No me recuerdas a nadie

Tenía solo cinco años cuando se estrenó Misterioso asesinato en Manhattan, por lo que supongo que llegó a mi vida tiempo después. Pongamos que ya tuviera doce cuando, en el videoclub del barrio, me pusiera de puntillas, leyera la sinopsis en la cinta VHS y agarrara el cartoncito pertinente. Me veo, como si fuera ayer, recitando -como la tabla del cinco- el DNI de mi hermana, la socia oficial. Pagaba y, con mi tesoro guardado en la mochila, entraba a Consum a por palomitas de microondas y Coca-Cola. A veces, completaba la merienda con pizza margarita congelada.

Esas primeras veces sola, mágicas, absolutamente salvajes en el sentido más inocente del adjetivo. Cantaba a voz en grito, saltaba encima del sofá y echaba a correr si, en el pasillo, una pizca de frío me recorría la nuca -fantasmas, pensaba-. Qué olvidable nos parece entonces todo lo inolvidable. Qué rápido nos deshacemos de esas tardes de películas -¡las primeras que pagamos nosotras! ¡las primeras que elegimos nosotras!-. Las doblamos como folios que ya no necesitamos; folios garabateados de arte abstracto, huecos infinitos que resuenan como viejas melodías. Todo se repite, dicen los padres. Eso ya lo he vivido, eso ya lo he olido, eso ya lo he escuchado. Pero se equivocan, puesto que nunca la misma nota cae sobre el mismo cuerpo. Cada alma, cada desafine y cada manera de mascar chicle, es única e intransferible.

Mis folios, los que escribí aquellas horas de guiones fabulosos, de cara a un televisor común dentro de un piso corriente, se perdieron. O eso creí. En realidad, se quedaron enganchados entre el primer y el segundo cajón de mi mesita de noche. Porque esa chiquilla, la que temía que llamaran al timbre comerciales de telefonía o Testigos de Jehová, o que su hermana tardara -y no la pillara fresca para contarle los chismes del colegio- o que su madre hubiera tenido una jornada de asco y estuviera triste -me gusta mucho decir “de asco”, como la lasaña “asco” prefabricada o la ensalada “asco” de Florette-, sigue aquí.

Anoche, cuando leí que Diane Keaton había fallecido, sé que no solo lloré por la tristeza de su pérdida, sino por la alegría de mi encuentro.
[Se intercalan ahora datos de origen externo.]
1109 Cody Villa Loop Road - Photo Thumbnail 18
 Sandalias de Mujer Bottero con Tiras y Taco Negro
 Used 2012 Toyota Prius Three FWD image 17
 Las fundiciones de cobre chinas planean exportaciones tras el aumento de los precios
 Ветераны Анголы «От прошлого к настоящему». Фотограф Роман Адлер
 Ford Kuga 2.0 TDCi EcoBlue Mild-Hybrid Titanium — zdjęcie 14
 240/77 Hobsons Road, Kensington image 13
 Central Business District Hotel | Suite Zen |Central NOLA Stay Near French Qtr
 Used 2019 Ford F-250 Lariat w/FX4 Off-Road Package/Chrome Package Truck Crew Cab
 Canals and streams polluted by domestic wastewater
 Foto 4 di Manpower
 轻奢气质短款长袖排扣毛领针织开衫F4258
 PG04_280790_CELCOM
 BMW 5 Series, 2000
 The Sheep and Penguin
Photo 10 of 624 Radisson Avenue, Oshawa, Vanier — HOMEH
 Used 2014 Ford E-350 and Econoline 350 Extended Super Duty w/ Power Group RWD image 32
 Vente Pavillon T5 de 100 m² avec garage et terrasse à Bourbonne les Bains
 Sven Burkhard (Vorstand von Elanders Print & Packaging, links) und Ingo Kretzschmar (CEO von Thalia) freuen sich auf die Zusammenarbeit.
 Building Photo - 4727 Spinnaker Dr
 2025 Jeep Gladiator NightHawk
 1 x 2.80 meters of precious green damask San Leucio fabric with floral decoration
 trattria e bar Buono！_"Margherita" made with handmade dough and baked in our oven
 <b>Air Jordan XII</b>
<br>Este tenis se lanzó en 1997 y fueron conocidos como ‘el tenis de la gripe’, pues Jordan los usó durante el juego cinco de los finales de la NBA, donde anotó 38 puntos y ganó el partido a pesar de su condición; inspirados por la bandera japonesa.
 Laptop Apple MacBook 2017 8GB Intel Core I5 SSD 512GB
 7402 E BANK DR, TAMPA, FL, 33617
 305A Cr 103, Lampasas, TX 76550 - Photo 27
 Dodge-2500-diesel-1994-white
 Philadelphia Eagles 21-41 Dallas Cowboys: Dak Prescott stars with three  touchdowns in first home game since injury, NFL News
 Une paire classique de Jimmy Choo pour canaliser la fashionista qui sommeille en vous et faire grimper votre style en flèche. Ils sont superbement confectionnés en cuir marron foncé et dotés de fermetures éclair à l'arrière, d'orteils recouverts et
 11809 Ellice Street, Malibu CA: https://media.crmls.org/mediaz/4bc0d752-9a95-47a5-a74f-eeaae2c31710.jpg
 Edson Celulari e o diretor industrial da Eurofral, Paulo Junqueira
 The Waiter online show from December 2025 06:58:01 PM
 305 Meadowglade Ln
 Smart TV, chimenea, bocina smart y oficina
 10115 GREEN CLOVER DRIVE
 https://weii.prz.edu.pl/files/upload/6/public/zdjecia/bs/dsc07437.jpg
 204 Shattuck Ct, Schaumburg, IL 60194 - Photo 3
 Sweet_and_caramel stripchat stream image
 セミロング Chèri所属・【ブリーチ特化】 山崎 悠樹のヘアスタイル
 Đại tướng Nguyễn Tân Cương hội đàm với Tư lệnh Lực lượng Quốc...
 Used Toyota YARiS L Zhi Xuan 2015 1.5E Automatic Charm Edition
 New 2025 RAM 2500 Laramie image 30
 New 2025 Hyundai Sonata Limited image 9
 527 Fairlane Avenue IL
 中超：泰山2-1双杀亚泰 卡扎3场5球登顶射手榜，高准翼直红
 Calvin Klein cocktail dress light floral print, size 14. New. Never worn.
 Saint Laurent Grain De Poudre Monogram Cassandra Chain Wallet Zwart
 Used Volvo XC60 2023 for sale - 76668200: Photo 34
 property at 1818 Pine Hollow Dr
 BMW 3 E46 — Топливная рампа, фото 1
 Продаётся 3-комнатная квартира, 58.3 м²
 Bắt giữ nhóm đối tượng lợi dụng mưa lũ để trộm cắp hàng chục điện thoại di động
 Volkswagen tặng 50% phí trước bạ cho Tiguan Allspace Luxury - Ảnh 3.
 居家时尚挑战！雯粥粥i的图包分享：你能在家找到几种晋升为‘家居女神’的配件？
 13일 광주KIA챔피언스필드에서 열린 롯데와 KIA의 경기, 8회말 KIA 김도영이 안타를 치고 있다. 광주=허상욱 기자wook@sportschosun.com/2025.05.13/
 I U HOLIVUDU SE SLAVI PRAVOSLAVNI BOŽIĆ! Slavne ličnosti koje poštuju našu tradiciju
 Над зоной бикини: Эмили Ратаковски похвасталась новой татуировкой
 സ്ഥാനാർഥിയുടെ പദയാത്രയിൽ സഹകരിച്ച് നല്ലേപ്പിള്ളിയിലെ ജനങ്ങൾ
Sigo ilusionándome tan alto que el taburete ridículo de mi cocina no alcanza. Sigo cerrando los ojos y viendo praderas, cielos rosas y miles de comienzos; a Audrey Hepburn bajo la lluvia, sosteniendo a su gato sin nombre, a Lucy saltando a las vías del metro y al Primer Ministro bailando Jump for my love. Sigo acordándome -incluso- de tanto en tanto de Amélie, sin saber por qué, y me gustaría decirle que nunca son tiempos difíciles para los soñadores.

Sigo enamorándome de las hojas amarillas, de las mujeres con corbata y de las sonrisas que sé que he visto, pero no sé dónde. O sí.

Sí lo sé.

A mí, la sonrisa de Diane me recuerda a esa felicidad que te suena de algo y luego caes: ¡Pues claro! ¡Es porque yo también la he vivido!

Es poesía.

Y fuerza.

(¿Acaso no son los mismo?)

Si algo he aprendido de las mujeres como Diane es que, Cuando menos te lo esperas, la vida te cambia para bien.

Y llevaba demasiados días pensando que solo puede cambiar para mal.

Así que gracias por la esperanza.

O, como me gusta decir desde el 30 de agosto -esto solo lo entenderán muy pocas-, gracias por esa última luz encendida.